Monday, March 4, 2013

How To "Pause" (Not Suspend) A Virtual Machine In ESXi?

Last week I received a very interesting question from a fellow blogger asking whether it was possible to "pause" (not suspend) a virtual machine running on ESXi. Today ESXi only supports the suspend operation which saves the current memory state of a virtual machine to disk. With a "pause" operation, the memory state of the virtual machine is not saved to disk, it is still preserved in the physical memory of the ESXi host. The main difference with a "pause" operation is the allocated memory is not released and this allows you to quickly resume a virtual machine almost instantly at the cost of holding onto physical memory.

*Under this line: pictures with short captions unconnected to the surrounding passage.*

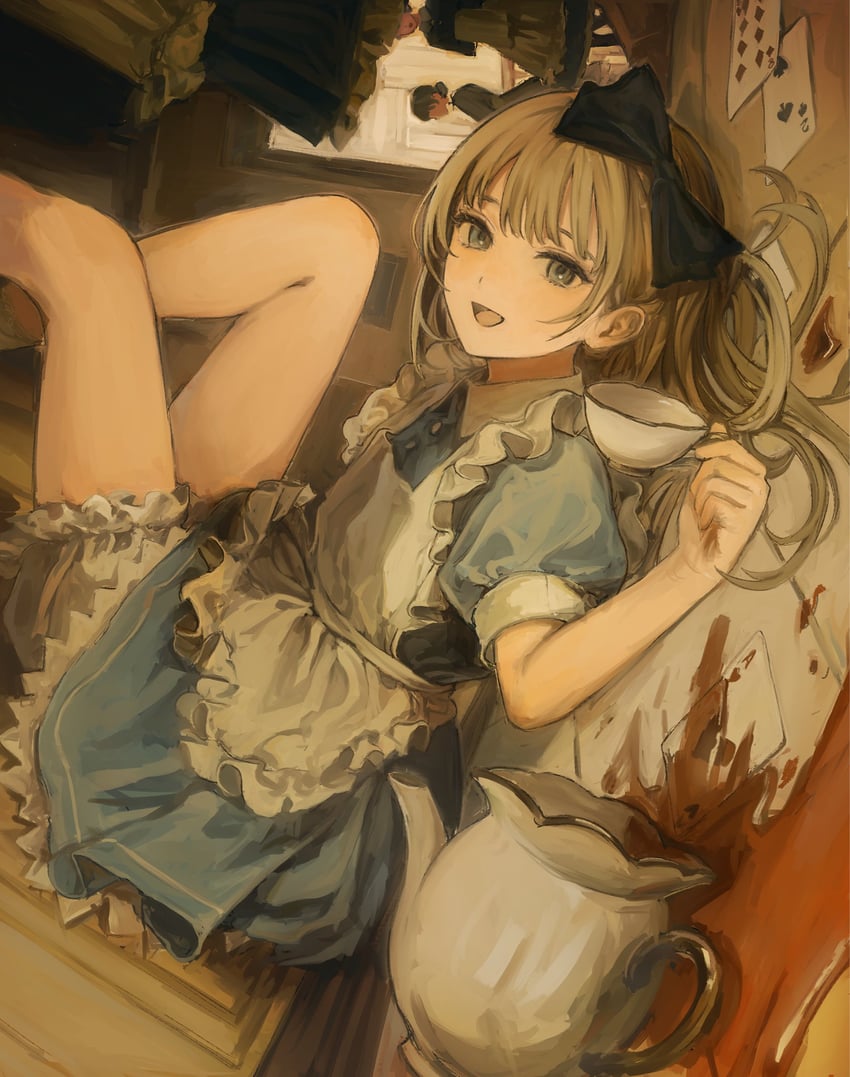alice (alice's adventures in wonderland) drawn by funabashi_(iwzry)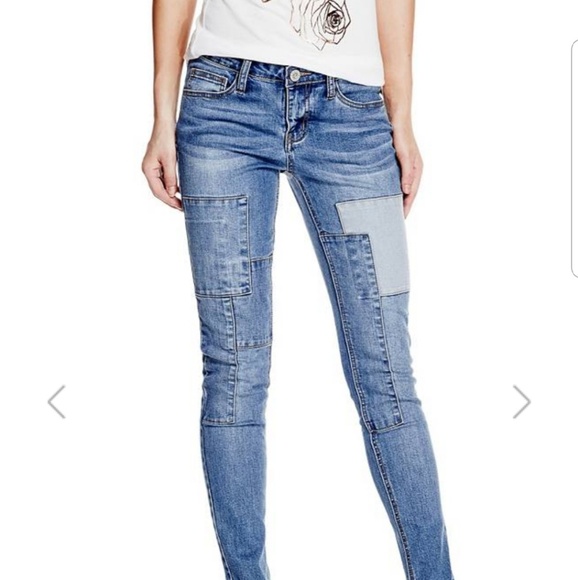 guess patchwork jeans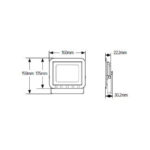 GEYER Προβολέας led μαύρος 30W 4000K 2550LM LPRM30C3 - Image 2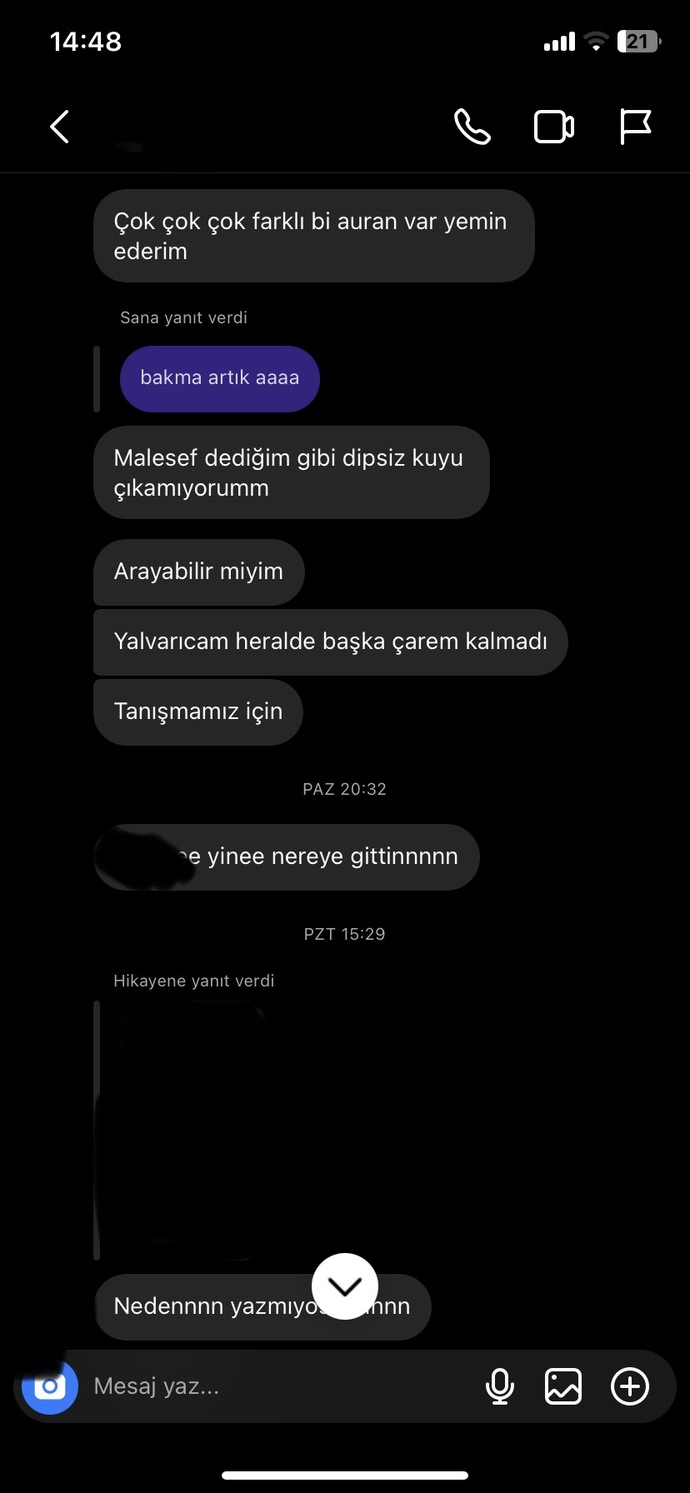 Bu bana saplantılı biri mi engellesem kurtulabilir miyim?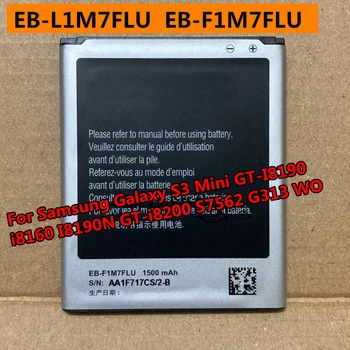 EB-L1M7FLU EB-F1M7FLU 1500mAh Baterie de Înaltă Calitate Pentru Samsung Galaxy S3 SIII Mini GT-I8190 i8160 I8190N GT-i8200 S7562 G313 WO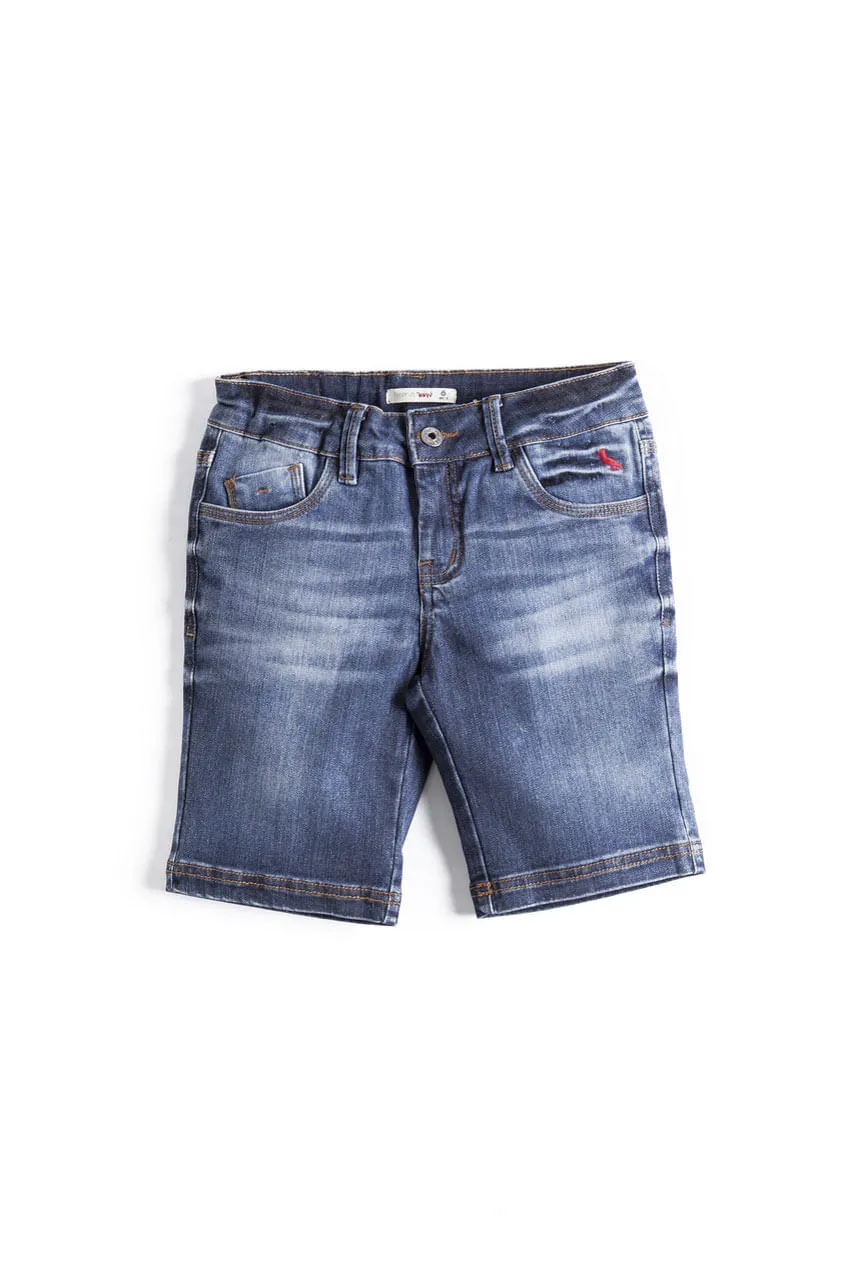 BERMUDA MINI JEANS DARK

The use case for this particular request was also quite interesting. The user had an NFS server that housed about 200 virtual machines that needed to be restarted and the goal was to minimize the impact to his virtual machines as much as possible. He opted out from suspending the virtual machines as it would have taken too long and decided on a more creative solution. He filled up the remainder capacity on the datastore which in effect caused all virtual machines to halt their I/O operations. Though not an ideal solution IMHO, this allowed him to restart the NFS server and then run a script for the virtual machines to retry their I/O operation once the NFS server was available again.

Based on the above scenario, he asked if it was possible to "pause" the virtual machines similar to a capability Hyper-V provides today which would have provided him a quicker way to resume the virtual machines. Thinking about the question for a bit, a virtual machine is just a VMX process running in ESXi and I wondered if this process could be paused like a UNIX/Linux process using the "kill" command. Well, it turns out, it can be!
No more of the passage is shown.